▶ [What you should do]:
Lines from the beginning of the data through the line containing "Baby Crib Hanging Toys - JDrop.Shop" are to be copied exactly, with no other line included.

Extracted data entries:
┄┄┄┄┄┄

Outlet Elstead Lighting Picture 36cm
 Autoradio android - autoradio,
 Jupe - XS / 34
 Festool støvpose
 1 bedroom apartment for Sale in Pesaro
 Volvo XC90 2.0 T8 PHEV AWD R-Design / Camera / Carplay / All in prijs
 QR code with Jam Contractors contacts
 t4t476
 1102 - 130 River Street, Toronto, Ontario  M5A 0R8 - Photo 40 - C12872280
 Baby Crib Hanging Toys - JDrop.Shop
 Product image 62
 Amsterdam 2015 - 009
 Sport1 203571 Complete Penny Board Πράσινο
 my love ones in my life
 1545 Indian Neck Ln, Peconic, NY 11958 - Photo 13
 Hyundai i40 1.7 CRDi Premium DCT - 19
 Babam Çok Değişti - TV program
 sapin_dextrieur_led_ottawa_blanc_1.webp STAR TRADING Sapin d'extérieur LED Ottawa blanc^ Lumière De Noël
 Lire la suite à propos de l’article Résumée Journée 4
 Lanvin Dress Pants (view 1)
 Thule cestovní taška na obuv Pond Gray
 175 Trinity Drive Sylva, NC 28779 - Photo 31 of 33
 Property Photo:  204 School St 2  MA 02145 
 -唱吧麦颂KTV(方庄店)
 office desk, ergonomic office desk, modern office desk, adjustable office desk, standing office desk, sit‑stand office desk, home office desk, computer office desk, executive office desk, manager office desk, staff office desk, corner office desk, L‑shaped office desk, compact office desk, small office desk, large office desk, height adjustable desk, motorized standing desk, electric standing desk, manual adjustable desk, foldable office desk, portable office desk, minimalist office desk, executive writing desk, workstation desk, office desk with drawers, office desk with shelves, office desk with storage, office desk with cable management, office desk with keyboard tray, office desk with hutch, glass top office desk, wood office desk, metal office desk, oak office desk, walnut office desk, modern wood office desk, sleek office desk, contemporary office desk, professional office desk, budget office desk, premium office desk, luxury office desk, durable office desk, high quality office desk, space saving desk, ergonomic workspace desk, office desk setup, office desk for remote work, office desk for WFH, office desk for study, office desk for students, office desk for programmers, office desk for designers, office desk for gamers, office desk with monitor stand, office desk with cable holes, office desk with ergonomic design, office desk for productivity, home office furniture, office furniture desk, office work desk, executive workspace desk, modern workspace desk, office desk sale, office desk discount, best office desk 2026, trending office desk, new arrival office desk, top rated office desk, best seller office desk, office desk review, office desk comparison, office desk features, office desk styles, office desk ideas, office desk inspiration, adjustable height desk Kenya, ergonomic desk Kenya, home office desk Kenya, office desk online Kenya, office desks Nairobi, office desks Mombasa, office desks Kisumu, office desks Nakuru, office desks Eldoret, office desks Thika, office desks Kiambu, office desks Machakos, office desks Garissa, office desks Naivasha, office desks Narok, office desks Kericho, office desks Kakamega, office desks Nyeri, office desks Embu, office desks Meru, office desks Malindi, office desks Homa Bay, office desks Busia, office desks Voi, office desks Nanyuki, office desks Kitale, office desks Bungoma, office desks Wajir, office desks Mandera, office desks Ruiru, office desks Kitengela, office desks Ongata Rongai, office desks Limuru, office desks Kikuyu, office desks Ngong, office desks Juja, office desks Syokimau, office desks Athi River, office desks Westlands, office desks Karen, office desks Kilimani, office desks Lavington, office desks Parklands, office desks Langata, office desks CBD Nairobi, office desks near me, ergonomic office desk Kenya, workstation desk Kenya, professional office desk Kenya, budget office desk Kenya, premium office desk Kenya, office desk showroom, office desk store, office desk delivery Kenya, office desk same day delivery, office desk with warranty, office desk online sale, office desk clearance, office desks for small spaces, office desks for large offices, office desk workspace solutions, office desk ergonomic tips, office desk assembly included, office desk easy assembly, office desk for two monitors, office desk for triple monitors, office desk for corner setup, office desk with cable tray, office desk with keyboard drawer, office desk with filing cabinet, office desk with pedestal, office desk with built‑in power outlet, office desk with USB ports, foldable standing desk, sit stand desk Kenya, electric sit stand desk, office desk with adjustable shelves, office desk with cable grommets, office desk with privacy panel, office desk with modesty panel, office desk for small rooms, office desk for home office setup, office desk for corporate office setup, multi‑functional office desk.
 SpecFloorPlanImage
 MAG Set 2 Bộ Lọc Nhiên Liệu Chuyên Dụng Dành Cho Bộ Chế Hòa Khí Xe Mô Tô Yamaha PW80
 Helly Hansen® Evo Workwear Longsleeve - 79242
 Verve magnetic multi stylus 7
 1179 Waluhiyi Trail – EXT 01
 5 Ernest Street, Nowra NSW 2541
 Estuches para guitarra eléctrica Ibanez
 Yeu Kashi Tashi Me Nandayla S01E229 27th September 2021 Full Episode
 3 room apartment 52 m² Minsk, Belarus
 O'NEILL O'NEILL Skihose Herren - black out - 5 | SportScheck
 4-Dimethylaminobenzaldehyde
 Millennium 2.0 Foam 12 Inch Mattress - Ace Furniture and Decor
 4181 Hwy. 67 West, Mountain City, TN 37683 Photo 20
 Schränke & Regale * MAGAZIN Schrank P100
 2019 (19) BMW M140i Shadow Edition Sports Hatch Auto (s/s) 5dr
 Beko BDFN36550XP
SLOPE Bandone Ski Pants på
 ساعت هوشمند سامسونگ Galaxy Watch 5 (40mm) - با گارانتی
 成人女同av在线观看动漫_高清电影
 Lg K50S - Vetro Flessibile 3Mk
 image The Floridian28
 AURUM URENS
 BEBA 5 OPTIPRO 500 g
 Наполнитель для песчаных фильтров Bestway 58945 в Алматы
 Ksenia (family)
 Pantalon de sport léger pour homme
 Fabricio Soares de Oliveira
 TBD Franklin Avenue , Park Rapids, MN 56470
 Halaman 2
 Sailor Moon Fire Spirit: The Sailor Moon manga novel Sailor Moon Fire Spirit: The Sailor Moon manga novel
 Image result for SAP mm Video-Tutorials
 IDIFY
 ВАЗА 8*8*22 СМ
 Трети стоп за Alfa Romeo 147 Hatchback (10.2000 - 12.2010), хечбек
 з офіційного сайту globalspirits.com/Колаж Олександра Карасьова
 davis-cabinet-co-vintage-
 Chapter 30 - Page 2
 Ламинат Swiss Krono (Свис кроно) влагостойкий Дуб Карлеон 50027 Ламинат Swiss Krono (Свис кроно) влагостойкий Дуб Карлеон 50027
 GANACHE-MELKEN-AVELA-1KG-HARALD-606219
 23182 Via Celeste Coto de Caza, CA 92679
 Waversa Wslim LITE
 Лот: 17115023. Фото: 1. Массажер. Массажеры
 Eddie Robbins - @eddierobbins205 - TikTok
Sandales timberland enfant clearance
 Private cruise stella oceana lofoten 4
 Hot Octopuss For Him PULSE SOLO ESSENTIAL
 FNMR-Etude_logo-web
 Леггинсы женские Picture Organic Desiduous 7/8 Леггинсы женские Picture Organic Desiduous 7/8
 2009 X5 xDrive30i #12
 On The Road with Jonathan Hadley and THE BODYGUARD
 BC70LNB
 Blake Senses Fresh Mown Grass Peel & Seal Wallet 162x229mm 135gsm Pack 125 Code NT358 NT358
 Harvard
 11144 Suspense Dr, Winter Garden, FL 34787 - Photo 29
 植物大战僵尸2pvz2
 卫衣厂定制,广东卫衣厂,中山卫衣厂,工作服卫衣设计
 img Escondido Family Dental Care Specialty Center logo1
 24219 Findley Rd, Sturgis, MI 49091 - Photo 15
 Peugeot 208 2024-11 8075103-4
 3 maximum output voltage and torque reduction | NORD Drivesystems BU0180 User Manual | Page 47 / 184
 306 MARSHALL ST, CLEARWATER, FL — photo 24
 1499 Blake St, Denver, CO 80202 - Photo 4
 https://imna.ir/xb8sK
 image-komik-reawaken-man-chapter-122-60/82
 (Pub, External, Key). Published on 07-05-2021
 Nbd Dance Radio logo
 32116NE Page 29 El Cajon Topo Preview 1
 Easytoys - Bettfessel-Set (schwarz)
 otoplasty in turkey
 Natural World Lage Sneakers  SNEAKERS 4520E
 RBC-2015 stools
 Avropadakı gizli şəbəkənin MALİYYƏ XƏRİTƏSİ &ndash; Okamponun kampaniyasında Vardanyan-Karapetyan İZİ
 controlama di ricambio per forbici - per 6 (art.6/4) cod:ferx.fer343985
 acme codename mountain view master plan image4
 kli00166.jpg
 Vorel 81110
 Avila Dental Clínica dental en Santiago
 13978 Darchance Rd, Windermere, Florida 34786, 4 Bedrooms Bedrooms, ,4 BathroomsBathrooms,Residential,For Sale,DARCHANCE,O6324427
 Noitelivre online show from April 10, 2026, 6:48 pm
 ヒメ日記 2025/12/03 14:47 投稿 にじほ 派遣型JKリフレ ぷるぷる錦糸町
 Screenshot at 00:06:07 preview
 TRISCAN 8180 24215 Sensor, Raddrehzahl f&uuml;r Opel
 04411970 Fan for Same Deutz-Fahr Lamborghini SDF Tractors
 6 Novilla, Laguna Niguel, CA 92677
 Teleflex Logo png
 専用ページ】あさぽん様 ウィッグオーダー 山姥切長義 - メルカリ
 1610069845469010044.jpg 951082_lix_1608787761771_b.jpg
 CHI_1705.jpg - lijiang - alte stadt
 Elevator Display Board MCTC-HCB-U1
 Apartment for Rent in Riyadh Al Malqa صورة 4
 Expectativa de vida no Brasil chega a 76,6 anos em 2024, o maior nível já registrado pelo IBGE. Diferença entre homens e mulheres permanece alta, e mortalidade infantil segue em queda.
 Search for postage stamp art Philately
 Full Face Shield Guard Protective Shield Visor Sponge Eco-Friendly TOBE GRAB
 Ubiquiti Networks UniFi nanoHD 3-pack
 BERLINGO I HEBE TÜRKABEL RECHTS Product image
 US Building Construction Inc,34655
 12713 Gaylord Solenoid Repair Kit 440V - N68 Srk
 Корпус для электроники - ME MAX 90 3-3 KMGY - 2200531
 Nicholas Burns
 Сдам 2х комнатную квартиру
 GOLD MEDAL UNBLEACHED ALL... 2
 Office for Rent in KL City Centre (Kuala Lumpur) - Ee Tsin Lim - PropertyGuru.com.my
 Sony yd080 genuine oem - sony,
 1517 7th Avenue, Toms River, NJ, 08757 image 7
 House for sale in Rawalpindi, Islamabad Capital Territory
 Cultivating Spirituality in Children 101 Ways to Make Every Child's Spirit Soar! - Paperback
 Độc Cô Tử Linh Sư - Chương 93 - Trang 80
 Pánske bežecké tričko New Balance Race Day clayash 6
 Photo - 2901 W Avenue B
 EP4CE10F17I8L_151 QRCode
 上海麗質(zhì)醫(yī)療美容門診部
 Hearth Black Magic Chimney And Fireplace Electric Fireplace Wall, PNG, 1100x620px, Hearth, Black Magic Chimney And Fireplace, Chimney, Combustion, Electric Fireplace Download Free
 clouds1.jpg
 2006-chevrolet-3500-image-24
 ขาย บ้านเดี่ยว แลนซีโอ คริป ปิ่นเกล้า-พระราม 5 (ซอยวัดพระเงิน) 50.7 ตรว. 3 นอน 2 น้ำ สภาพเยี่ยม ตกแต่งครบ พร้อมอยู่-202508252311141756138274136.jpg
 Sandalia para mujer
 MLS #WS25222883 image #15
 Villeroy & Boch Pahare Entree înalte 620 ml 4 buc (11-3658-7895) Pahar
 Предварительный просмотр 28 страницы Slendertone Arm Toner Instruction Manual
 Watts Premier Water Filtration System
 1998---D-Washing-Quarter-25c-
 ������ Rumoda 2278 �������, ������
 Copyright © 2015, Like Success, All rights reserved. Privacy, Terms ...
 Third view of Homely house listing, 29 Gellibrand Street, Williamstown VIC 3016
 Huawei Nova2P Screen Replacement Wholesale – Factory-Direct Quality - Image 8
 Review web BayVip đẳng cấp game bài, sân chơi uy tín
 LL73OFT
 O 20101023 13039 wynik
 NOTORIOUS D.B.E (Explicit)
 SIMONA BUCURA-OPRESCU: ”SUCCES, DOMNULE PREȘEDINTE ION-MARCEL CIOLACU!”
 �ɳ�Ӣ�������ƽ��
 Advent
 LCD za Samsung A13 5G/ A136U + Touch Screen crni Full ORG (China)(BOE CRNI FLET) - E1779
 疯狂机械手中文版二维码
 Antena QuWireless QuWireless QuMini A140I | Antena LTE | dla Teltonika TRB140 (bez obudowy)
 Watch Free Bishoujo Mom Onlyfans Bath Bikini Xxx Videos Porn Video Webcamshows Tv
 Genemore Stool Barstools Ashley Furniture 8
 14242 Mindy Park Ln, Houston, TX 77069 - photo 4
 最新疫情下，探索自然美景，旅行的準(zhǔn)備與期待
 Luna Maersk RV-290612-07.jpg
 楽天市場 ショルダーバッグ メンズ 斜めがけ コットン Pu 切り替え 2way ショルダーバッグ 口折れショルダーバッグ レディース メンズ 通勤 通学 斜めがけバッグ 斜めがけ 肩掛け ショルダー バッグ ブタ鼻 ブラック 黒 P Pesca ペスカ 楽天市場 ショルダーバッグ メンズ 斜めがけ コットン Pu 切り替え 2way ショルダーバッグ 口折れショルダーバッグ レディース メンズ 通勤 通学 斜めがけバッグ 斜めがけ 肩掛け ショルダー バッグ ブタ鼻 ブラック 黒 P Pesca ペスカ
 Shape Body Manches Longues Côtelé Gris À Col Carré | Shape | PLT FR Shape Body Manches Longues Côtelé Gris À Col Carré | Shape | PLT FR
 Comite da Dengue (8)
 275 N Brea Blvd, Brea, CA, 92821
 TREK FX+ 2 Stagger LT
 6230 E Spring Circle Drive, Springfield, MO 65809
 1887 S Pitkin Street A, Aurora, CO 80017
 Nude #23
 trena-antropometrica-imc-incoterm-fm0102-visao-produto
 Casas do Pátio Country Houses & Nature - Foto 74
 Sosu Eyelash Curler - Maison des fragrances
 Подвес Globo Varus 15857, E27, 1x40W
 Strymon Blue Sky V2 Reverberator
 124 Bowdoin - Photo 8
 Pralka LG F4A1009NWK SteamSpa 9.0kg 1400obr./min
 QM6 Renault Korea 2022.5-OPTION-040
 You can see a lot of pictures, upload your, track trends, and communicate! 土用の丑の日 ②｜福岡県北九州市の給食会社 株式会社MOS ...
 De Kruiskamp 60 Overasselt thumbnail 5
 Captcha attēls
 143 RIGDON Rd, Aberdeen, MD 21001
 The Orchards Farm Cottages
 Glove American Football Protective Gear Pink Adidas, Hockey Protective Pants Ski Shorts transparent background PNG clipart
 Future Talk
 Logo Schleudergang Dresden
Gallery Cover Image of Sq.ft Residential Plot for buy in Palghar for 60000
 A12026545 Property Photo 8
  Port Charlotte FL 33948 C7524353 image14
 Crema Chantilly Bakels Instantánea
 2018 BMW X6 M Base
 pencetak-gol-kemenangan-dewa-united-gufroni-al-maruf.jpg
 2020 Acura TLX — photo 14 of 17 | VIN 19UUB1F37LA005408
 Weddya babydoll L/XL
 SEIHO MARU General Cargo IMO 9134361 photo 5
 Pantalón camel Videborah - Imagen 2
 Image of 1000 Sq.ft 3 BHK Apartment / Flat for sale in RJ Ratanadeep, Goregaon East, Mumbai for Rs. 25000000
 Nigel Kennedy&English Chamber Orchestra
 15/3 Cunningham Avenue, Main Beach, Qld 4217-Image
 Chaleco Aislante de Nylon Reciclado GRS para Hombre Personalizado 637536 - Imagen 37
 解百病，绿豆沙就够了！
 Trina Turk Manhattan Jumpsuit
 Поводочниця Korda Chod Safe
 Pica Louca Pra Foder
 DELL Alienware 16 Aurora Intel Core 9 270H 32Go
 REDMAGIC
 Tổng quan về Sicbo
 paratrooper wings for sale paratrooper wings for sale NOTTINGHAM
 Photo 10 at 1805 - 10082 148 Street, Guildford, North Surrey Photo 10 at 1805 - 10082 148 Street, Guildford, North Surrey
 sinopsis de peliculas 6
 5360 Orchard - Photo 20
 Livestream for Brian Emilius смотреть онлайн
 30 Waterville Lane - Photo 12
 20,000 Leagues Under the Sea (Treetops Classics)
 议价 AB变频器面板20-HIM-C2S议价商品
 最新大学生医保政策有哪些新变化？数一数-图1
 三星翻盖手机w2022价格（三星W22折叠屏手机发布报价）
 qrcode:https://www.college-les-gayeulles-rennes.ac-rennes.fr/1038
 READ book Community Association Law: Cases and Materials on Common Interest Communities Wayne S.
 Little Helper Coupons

┄┄┄┄┄┄

▶ [Response box]:
Outlet Elstead Lighting Picture 36cm
 Autoradio android - autoradio,
 Jupe - XS / 34
 Festool støvpose
 1 bedroom apartment for Sale in Pesaro
 Volvo XC90 2.0 T8 PHEV AWD R-Design / Camera / Carplay / All in prijs
 QR code with Jam Contractors contacts
 t4t476
 1102 - 130 River Street, Toronto, Ontario  M5A 0R8 - Photo 40 - C12872280
 Baby Crib Hanging Toys - JDrop.Shop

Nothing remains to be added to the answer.